3. Mbembe, Achille. Necropolítica. (2011)
Mbembe discute como o poder moderno decide quem deve viver e quem deve morrer. Sua teoria da necropolítica é útil para pensar como certos discursos religiosos legitimam a exclusão simbólica de corpos negros, dissidentes e de outras espiritualidades. A zombaria com Preta Gil pode ser lida como uma forma de necropoder religioso.

4. Ribeiro, Djamila. O que é lugar de fala? (2017)
Djamila oferece uma reflexão clara sobre quem tem legitimidade para falar e sobre o silenciamento histórico de vozes negras. A crítica ao padre passa também pela necessidade de reconhecer o apagamento simbólico das expressões religiosas afro-brasileiras.

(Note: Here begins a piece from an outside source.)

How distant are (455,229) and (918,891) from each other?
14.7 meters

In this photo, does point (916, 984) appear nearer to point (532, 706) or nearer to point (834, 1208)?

5. Gonzalez, Lélia. Por um feminismo afrolatinoamericano. (2018)
Lélia Gonzalez nos ajuda a pensar o entrelaçamento entre racismo, misoginia e religião. Preta Gil, como mulher negra, carrega em seu corpo múltiplas camadas de significado político e simbólico que precisam ser defendidas inclusive após sua morte.

6. Silva, Vagner Gonçalves da. Religião, cultura e conflito: Estudos de antropologia da religião. (2007)
O autor discute os conflitos inter-religiosos no Brasil, especialmente entre religiões afro-brasileiras e cristianismo. Traz uma importante reflexão sobre como a intolerância religiosa se manifesta em discursos cotidianos, como o do padre citado.

7. Boff, Leonardo. Jesus Cristo Libertador. (1972)
Clássico da teologia da libertação, Boff apresenta um Jesus que se coloca ao lado dos marginalizados. Sua leitura desafia qualquer uso da fé que sirva para excluir. Oferece contraponto à instrumentalização do cristianismo para práticas opressoras.